Bengal Army officer (1804–1872)

William Ferguson Beatson (25 June 1804 – 4 February 1872) was a Bengal Army officer.

== Early life ==
William Ferguson Beatson was born on 25 June 1804, the son of Captain Robert Beatson.

== Military service ==
Beatson entered the Bengal Army in 1820.

He served, while on furlough, with the British Auxiliary Legion in Spain from 1835–36.

He was present at the capture of Jigni in Bundelkund in 1840 and at Chirgong in 1841. In 1844, he served in the Sind campaign, and in 1845 he served under Sir Charles Napier in the Bugti Hills.

He subsequently commanded the Nizam's cavalry and took Rymow from the Rohillas in 1848. During the Crimean campaign of 1854–55, he organised the Bashi-bazouks.. On 18th May 1855, the Dublin Evening Mail reported that it had been informed that seven hundred had already been enrolled.

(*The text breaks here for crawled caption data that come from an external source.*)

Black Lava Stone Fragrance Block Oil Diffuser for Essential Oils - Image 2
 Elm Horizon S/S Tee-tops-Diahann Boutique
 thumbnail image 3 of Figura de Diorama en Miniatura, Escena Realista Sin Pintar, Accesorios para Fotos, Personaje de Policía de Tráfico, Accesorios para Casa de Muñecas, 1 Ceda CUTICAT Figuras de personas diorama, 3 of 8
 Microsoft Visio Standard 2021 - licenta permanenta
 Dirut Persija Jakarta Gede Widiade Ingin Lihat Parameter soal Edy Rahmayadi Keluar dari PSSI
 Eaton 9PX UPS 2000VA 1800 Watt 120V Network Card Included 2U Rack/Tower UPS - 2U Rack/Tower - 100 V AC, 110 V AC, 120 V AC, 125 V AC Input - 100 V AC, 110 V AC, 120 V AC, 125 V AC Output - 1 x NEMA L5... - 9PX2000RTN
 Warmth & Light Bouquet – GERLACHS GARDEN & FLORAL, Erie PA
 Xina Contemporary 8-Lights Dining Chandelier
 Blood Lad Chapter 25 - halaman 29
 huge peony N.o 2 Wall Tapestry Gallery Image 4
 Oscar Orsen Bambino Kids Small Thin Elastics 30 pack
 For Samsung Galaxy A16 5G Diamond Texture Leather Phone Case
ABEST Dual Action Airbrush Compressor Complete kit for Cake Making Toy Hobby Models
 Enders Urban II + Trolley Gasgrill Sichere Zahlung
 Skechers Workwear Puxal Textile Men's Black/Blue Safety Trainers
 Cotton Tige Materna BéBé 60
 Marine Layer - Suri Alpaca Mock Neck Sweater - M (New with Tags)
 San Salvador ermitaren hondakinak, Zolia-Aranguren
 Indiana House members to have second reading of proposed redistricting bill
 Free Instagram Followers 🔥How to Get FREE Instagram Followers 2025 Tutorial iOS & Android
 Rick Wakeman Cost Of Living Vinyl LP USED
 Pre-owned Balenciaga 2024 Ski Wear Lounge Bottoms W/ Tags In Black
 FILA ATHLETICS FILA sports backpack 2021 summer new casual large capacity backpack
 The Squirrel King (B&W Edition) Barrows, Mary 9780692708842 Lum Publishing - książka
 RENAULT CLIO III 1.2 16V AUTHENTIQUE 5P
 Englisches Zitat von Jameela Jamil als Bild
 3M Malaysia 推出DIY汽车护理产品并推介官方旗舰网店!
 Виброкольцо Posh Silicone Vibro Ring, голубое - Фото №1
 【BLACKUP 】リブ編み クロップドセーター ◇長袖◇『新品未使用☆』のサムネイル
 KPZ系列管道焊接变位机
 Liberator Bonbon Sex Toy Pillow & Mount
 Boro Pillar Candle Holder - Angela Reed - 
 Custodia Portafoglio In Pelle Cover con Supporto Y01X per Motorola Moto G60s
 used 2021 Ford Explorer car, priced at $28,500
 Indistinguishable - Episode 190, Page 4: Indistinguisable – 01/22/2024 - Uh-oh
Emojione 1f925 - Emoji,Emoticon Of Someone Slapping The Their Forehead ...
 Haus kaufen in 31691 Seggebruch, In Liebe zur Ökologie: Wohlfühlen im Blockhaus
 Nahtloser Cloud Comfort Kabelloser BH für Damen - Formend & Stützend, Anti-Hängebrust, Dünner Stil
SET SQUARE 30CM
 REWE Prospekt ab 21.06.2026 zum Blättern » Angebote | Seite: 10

In the Indian Mutiny, he raised two cavalry regiments known as "Beatson's Horse". Evelyn Wood, later Lieutenant-General Sir Evelyn Wood served with that regiment during that period.

. He later commanded the Allahabad Division in 1866 and the Umbala Division in 1869.

He died on 4 February 1872.

== Beatson in fiction ==
Vivian Stuart, writing as V A ,featured Beatson in her book "Like Victors and Lords". She briefly described Beatson's Scottish birth, military career and participation in the Crimean War.